Bloomberg today published yet another article on the sad state of retirement affairs for many baby boomers. The point of the article is that things have changed for our retirement – and they are not going back. The author characterizes this as “the great retirement rethink.”
- The S&P has lost an annualized 0.4 percent since 2000. How pathetic this is compared with an average annual gain of 9.7 percent for the previous years going back to 1926. If I hear Dave Ramsey tell a listener to buy a “good growth stock mutual fund” one more time, I might hit the radio with a hammer.
- Interest rates on savings and CDs are so low that savers are being punished almost as badly as individual stock
investorsspeculators. (Did you own Netflix?)
- A mere 23 percent of working Americans say they are “very confident” they will have enough money to cover basic living expenses in retirement, compared with 42 percent who said that last year. (This is why I’m on my own Failsafe Retirement System.)
- Today’s episodes of market volatility have undermined the rule of thumb that retirees may withdraw up to 4 percent of their nest eggs each year. If they want the certainty of never outliving their money, a lower withdrawal rate may be needed.
Extending your working life for five years beyond what you’d planned could add $10,000 to your annual income in retirement.
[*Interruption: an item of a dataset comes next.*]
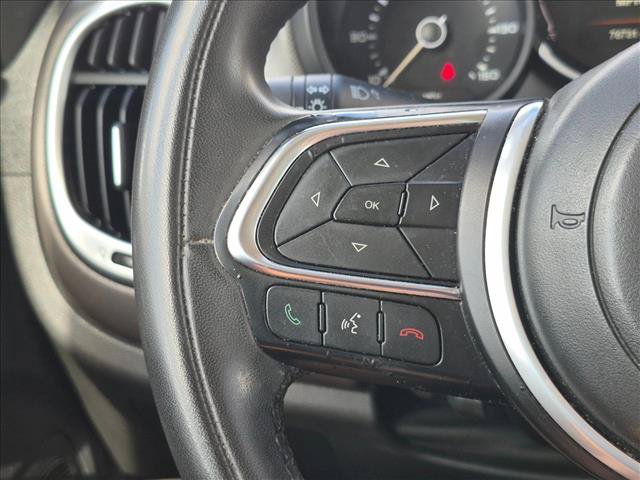 Used 2018 FIAT 500L Pop w/ Premium Group FWD image 4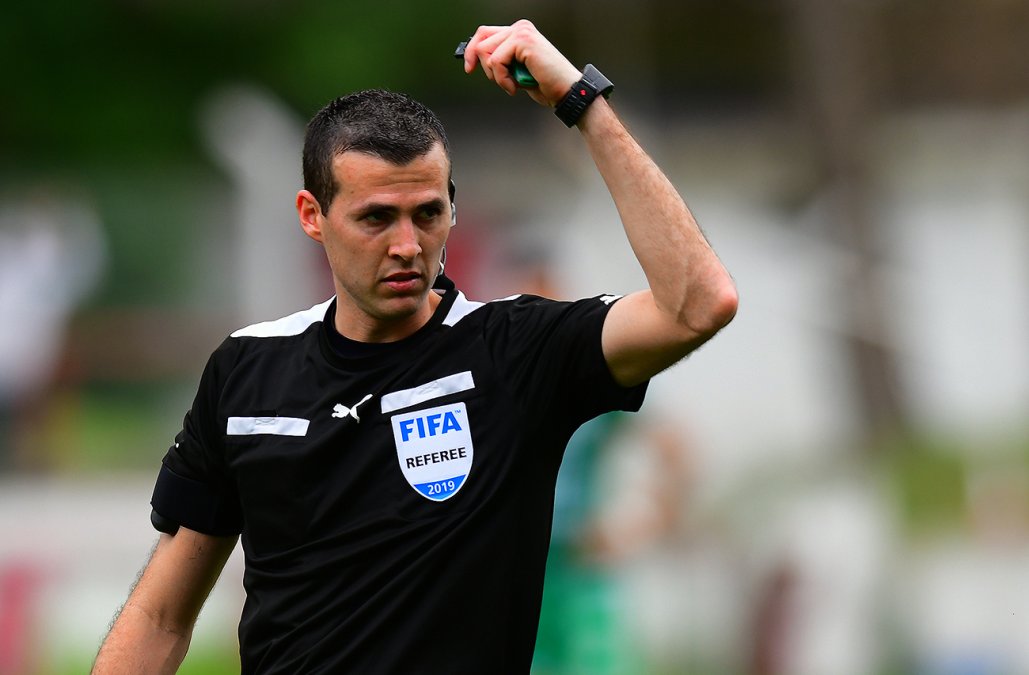 Sebas Giovanelli در توییتر "AHORA| Andrés Matonte acaba de ser designado árbitro del clásico entre @OficialCAP y @Nacional pars el miércoles en el Campeón del Siglo.… https://t.co/SY8V4BdkuA"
I’m less affected by the concept of a retirement “rethink” than some others. The reason is that before the economic collapse of 2008, I had not selected or targeted a certain retirement age or date. I still haven’t. Therefore, the idea that I might have to “work longer” was not very concrete to me.
Don’t get me wrong – I want Mrs. P and I to be financially prepared when I feel the time has come to stop working entirely. I just don’t know today when that will be, because I am quite content with my redesigned working life. A lot of other boomers do not have that contentment. I know that I am fortunate in that way.
I do have a goal of delaying Social Security benefits until age 70. That will affect my planning and may be considered a partial “rethink.”
So do you consider yourself to be part of the “great retirement rethink?”